The children are all settled nicely into a balanced life with regular contact with their dad. Now my fiancé and I are contemplating how we might be able to grow our family.

I realise there are many components to getting approved as adopters but does the fact that we have 3 healthy, settled children already mean that we might be discounted? Sometimes i wonder if we should just 'count our blessings' (we we are thankful for every crazy day of our lives!!) but we desperately would like to add to our family! 

Thanks in advance x


----------



## loudlikelove (Jun 23, 2016)

They'll want to know when the wedding is as you may have to wait for the wedding to be out of the way first. 

The adopted child would also need their own room, so space is something to consider too.


----------



## alig1972 (May 12, 2011)

Hi 

When we started on the adoption journey it was for us 'completing our family' and having a child would do that.
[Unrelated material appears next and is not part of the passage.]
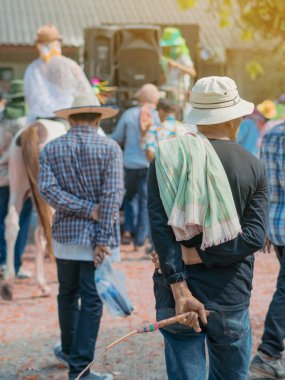 Genç adam keşiş adam değiştirmek için Budist Tay keşiş ritüel koordinasyon töreninde müzik bandı ile ata biniyor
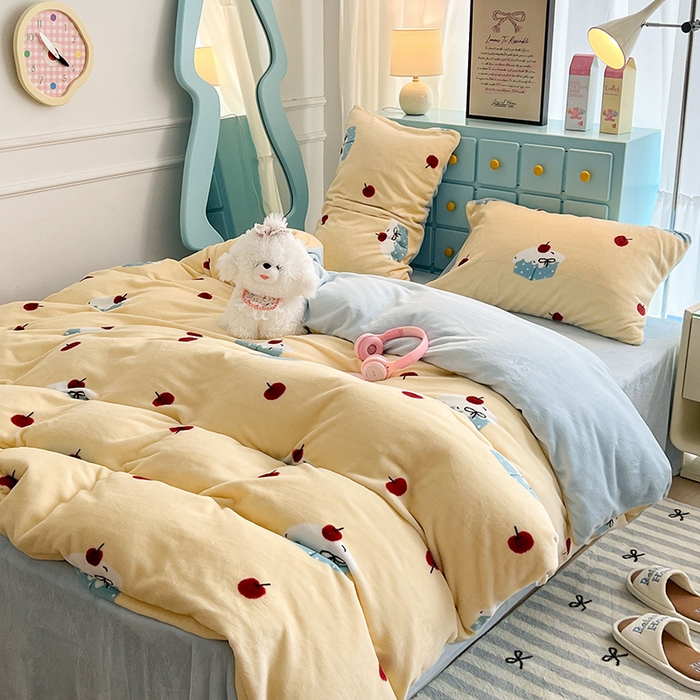 91家纺网 家纺一手货源 找家纺 昔可家纺 2024新款印花牛奶绒四件套系列-ins少女系列 樱桃奶油蛋糕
Now after lots of training and reading, we have come to understand that it is not about that at all but what we can offer a child. If you are expecting this perfect child to fit into your family then I would suggest doing some more research and perhaps going to an adoption information event. Most children will have suffered some form of neglect and abuse and as such will have issues and behaviours which are hard to deal with. I am not trying to put you off but just suggesting you go into it with open eyes. Having birth children will not be a problem but they will need their own room and there may need to be an age gap too. 
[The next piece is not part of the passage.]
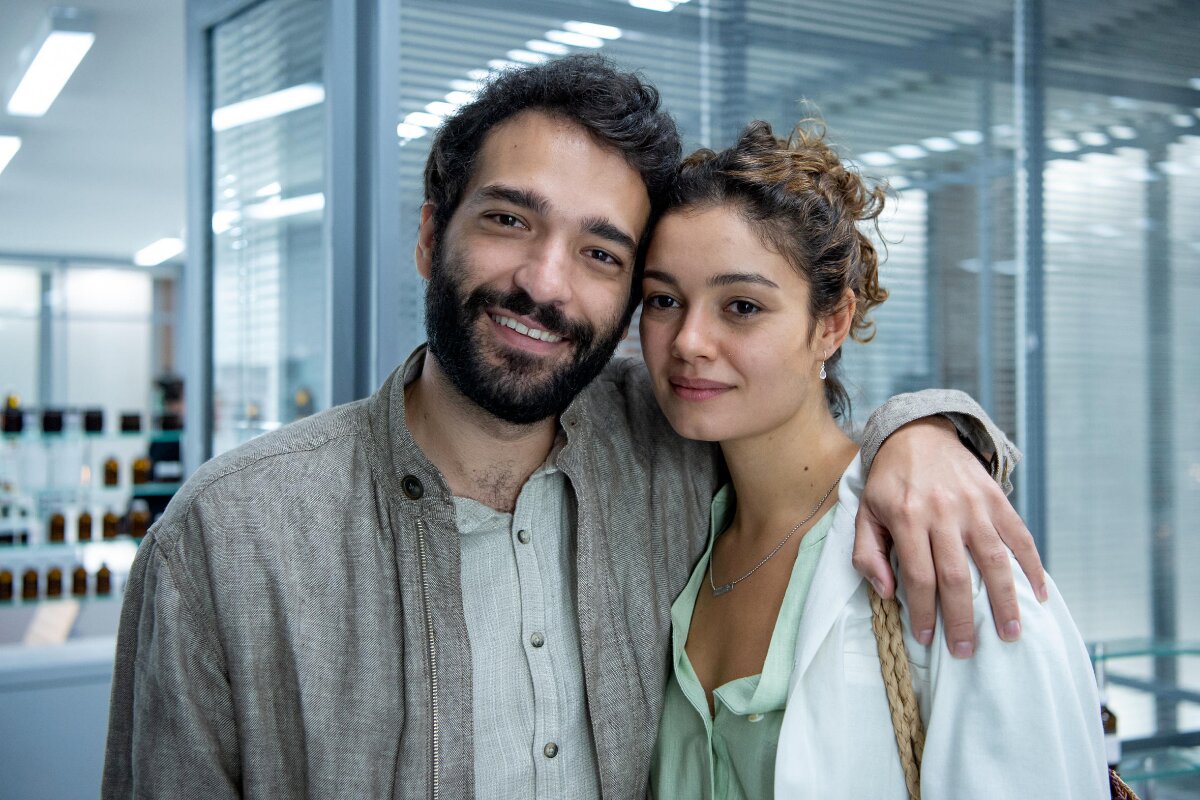 Rafael (Humberto Carrão) e Maíra (Sophie Charlotte) abraçados em 'Todas as Flores'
Hope this helps and wish you well for the future...

Ali


----------



## dreamingofabettertime (Jun 12, 2012)

How very exciting and wonderful that you should be considering adoption. I adopted after having three children, our social worker said that we had so much richness to give a child as we had experience of life, challenge and our children would really support our little person. We never had any hesitation in thinking we would be judged for having other children as we saw it as a benefit. 

Our PAR (a story of your life and what you have to offer a child that you will need to complete as part of the process) talked about what our children can do to support a new child and us on our journey; since adoption they have been amazing and continue to be (particularly as we then adopted another child as birth mother had another very soon after we had adopted our first!)

Follow you heart, your family have so much to give the life of a child. 

To respond to other writers we weren't married and were not judged in any way.

Adopting a child is not easy, there are many barriers that you will need to jump over along the way; if you want it enough, if you prepare and get the training you will be offered then you will succeed. You will need to think about if your family are robust enough to manage this 'process' and are they old enough to make room for a little person. Also once placed with a child he or she will take a lot of your attention so you will need your children to be fully on board with attaching to the child so involving them in all your discussions is vital. We would sit around the table as a family to talk through every social worker meeting prior to adoption and every one after until they stopped coming. We asked them what they felt always and always considered very seriously their views.  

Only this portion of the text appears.